Analysis: gold still on shaky ground
There’s no denying the bounce has been punchy. After such a brutal sell-off, some kind of reaction was always likely. That said, I think it’s far too early to start talking about a durable bottom.
For me, this still looks like a counter-trend rally rather than the start of a fresh bullish phase. The scale of the recent decline has almost certainly altered sentiment, and once markets go through that kind of reset, they rarely recover in a straight line. I’d be surprised if we don’t see another bout of selling in the near term.
Gold had effectively been a one-way trade for months, before falling close to 20% peak to trough. Positioning was crowded, momentum was stretched, and eventually something had to give. What we’ve just seen feels like the first proper trend reversal in precious metals.
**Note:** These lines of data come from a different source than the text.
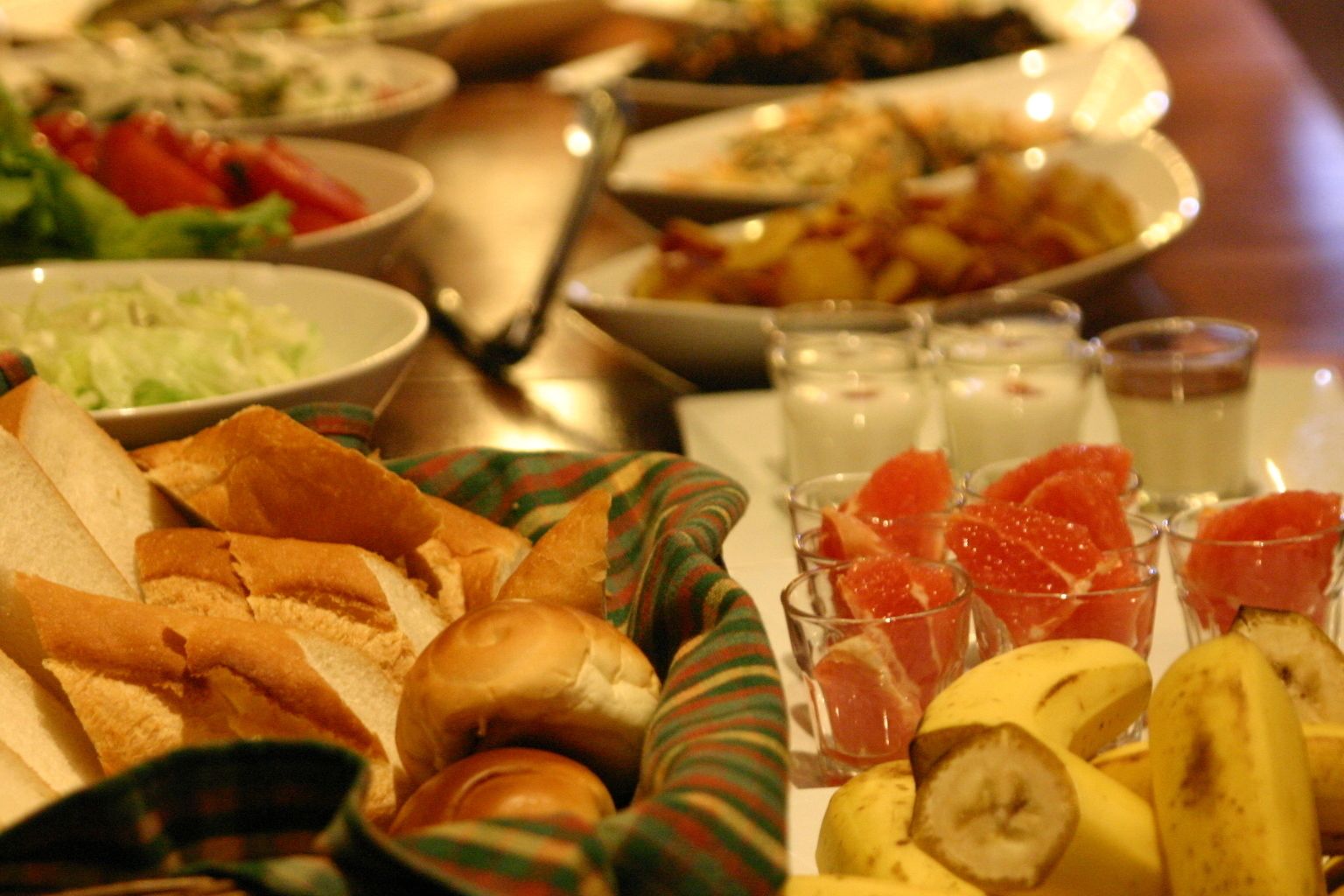 Et bord med forskellig mad, herunder brød, bananer og citrusfrugter.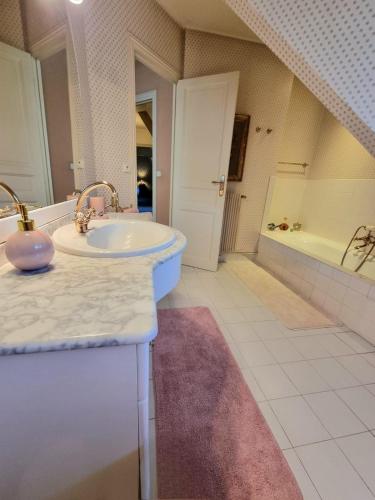 une salle de bain avec un lavabo et une baignoire dans l'établissement Villa Bovary Deauville, exceptional location, à Deauville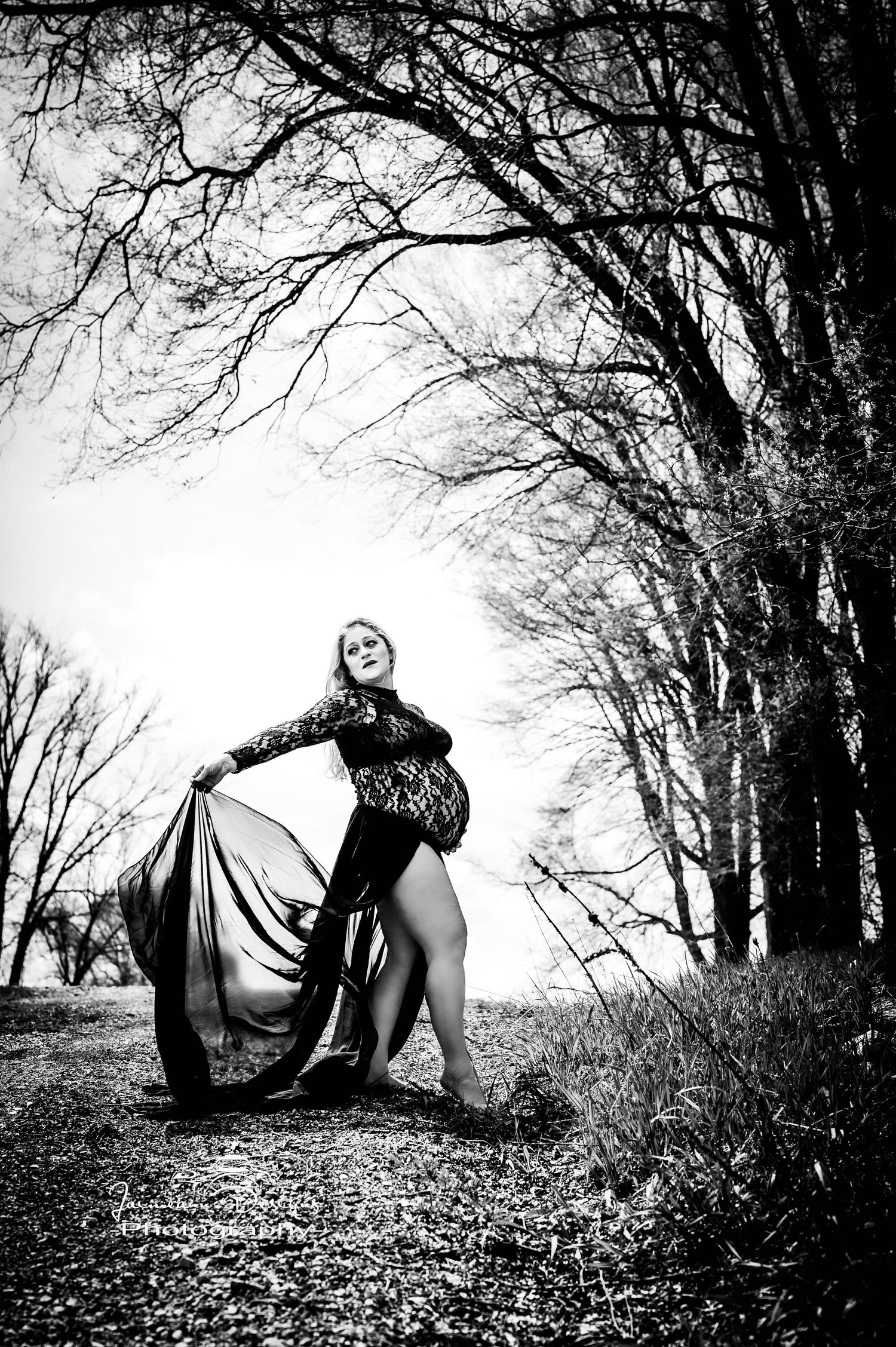 Black and white maternity portrait on forest path with dramatic dress movement.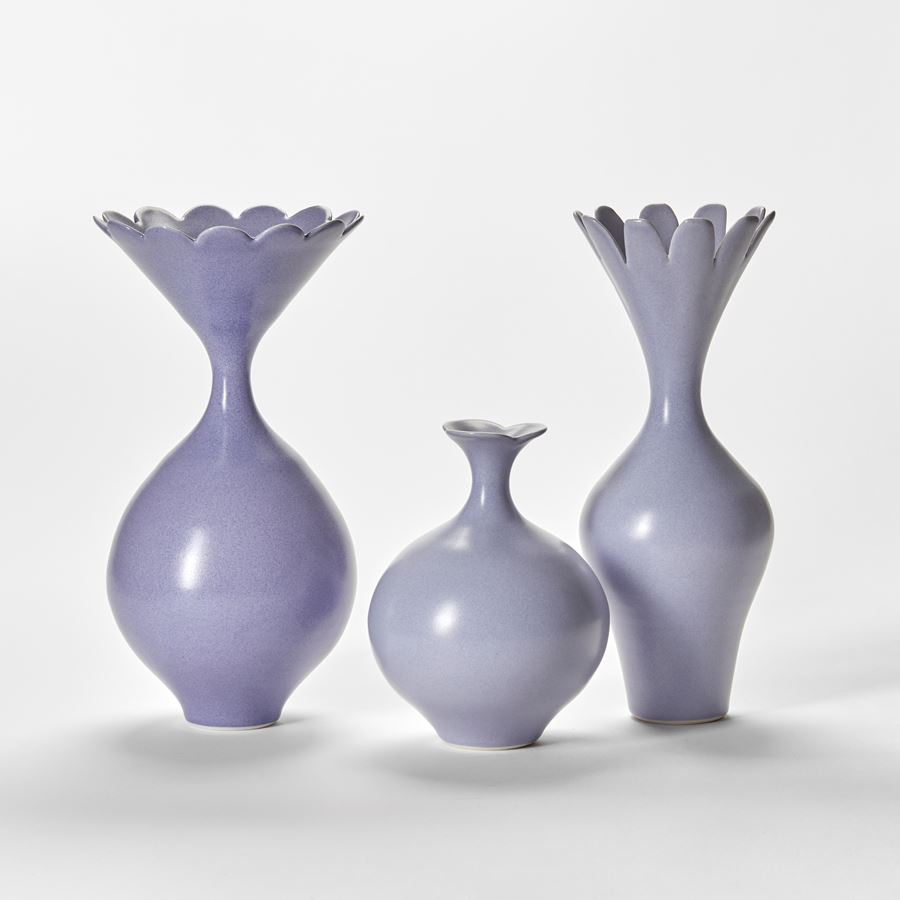 set of three porcelain vases in soft mauve purple each with a flared top neck with simple floral scalloped edges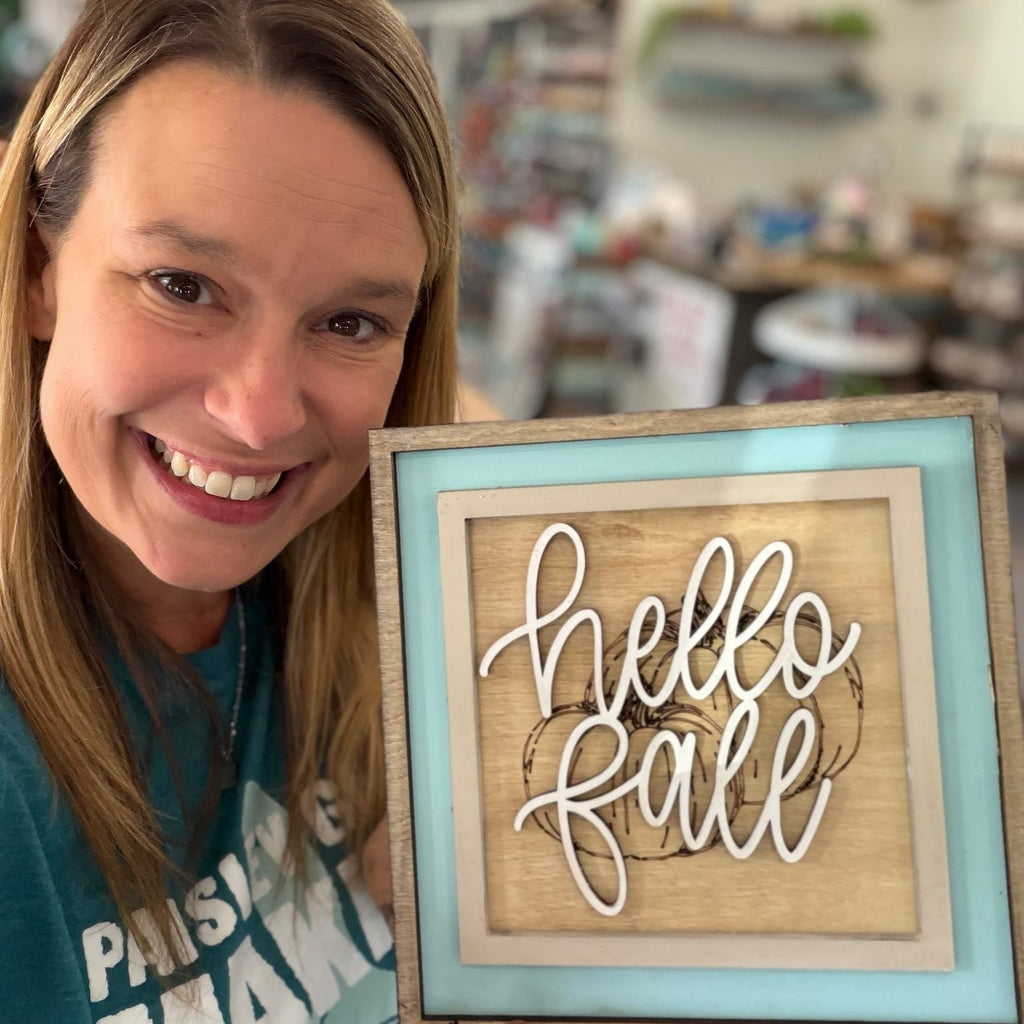 A smiling woman holds up a framed decorative sign that reads 'Happy Fall' in white script over a light wood background with layered turquoise and beige frames. The background shows a softly blurred craft shop interior with shelves and string lights.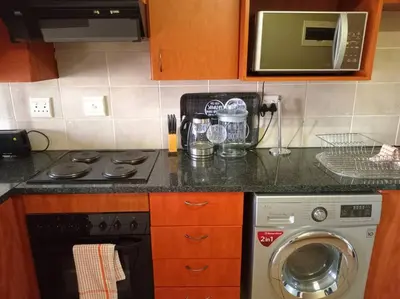 a kitchen with a stove and a washing machine at Calswald's Skyline Sanctuary in Midrand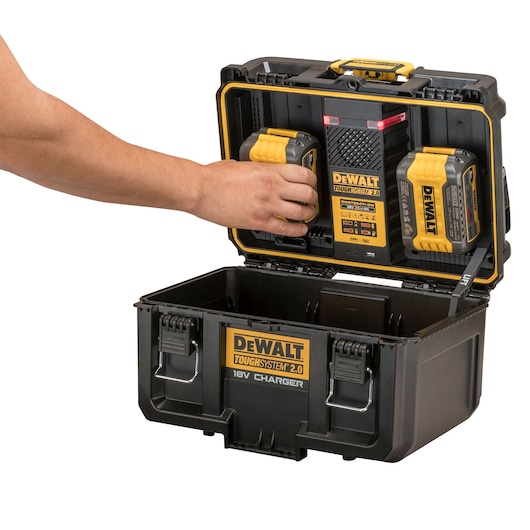A DEWALT ToughSystem 2.0 18V charger case with the lid open, showing two rechargeable batteries being placed or removed, with a hand interacting with one of the batteries. The case is black with yellow accents and labeled with DEWALT branding.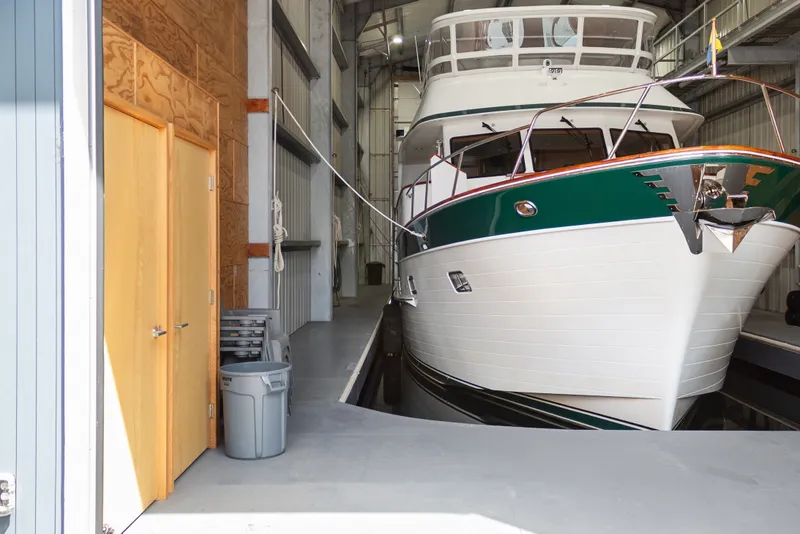 Slide: The Image of Custom All Steel Boathouse from 1969 housing a large white and green boat indoors. - 8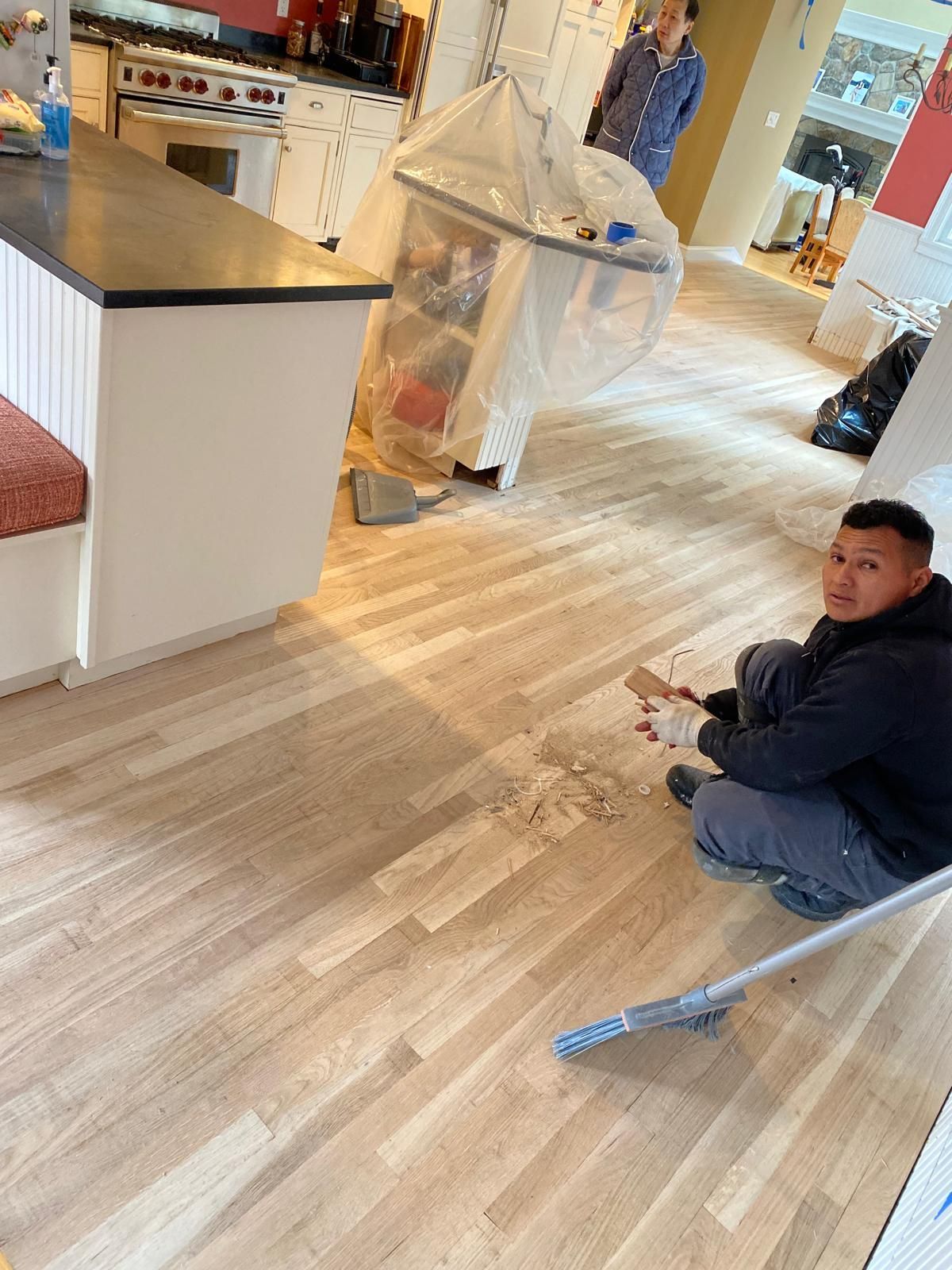Man cleaning hardwood floor in a kitchen. Another person and dust containment system in the background.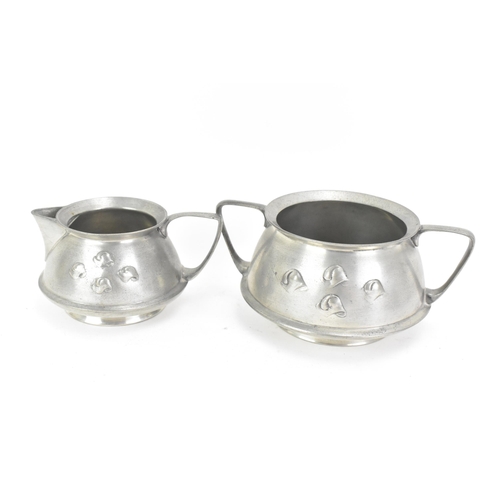 138 - A selection of Liberty Tudric pewter to include a matching sugar and milk jug, both numbered 03030, ... 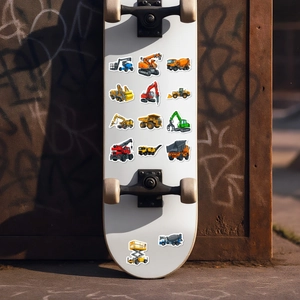 Close-up of colorful cartoon construction vehicle stickers applied on a white skateboard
Moves of that magnitude don’t get repaired overnight, and is therefore far too early to declare an end to the near-term bearish gold forecast.
Yes, dip buyers have shown up around the $4,500 region, and the rebound has been swift. But from a structural point of view, meaningful technical damage has already been done. After swings like this, markets usually need time to consolidate – and that process often involves further downside along the way.
Until the charts prove otherwise, I’m treating this rally as corrective, not the beginning of a new bull run.
Gold: key technical levels
Technically speaking, the decisive break below the psychological $5,000 mark was significant. Not just because it’s a round number, but because of how fast and forceful the move was.
At the moment, gold spot prices appear to be climbing within a short-term rising wedge formation – a pattern that often acts as a bearish continuation rather than a bullish signal.
On the upside, resistance sits around $5,000, with further supply likely near $5,100. These levels now look like areas where sellers may be keen to fade strength.
For confirmation on the downside, I’d be watching the lower boundary of that rising wedge. A break below it could open the door to another swift move lower.
In terms of support, there’s some around $4,900 and then near $4,800, but the key level remains $4,500. That’s still the main line in the sand for now.
Gold forecast: Fundamentals losing some shine
From a macro perspective, some of the factors that powered gold higher earlier in the year are starting to lose momentum.
Much of the bullish narrative centred on US monetary policy uncertainty and expectations of deep rate cuts. That tone shifted after Donald Trump named Kevin Warsh as the next Fed chair – a move markets took as relatively hawkish.
The immediate impact was a firm rebound in the US dollar, which is rarely a positive development for gold.
A stronger dollar tends to act as a headwind for precious metals, and if this move turns out to be more than a short-lived bounce, it could continue to weigh on gold prices.
Even today’s weaker-than-expected ADP jobs data failed to derail the dollar’s recovery. Attention now turns to the delayed official US jobs report, expected sometime next week.
Add in firmer oil prices – which generally favour the US over energy-importing economies like the eurozone – and the dollar’s resilience starts to make more sense.
More broadly, the US economy simply doesn’t appear to be slowing as quickly as markets had anticipated. As a result, expectations for aggressive rate cuts have been pared back. Without a clear negative shock in the data, it’s still difficult to build a convincing bearish case for the dollar.
Looking ahead, the focus shifts to ISM services PMI, expected to ease slightly to 53.4. Earlier this week, ISM manufacturing surprised on the upside at 52.6 – its first expansionary reading in a year – reinforcing the idea that US growth momentum may be quietly improving.
Geopolitics offering less support
On the geopolitical front, tensions have eased somewhat. Fears around a potential US–Iran confrontation have cooled, oil prices have softened, and some of the safe-haven demand that supported gold is beginning to unwind.
All told, despite the recent bounce, this still feels like a sell-the-rallies environment for gold – at least until the technical picture starts to look more constructive. For that reason, we maintain a near-term bearish gold forecast.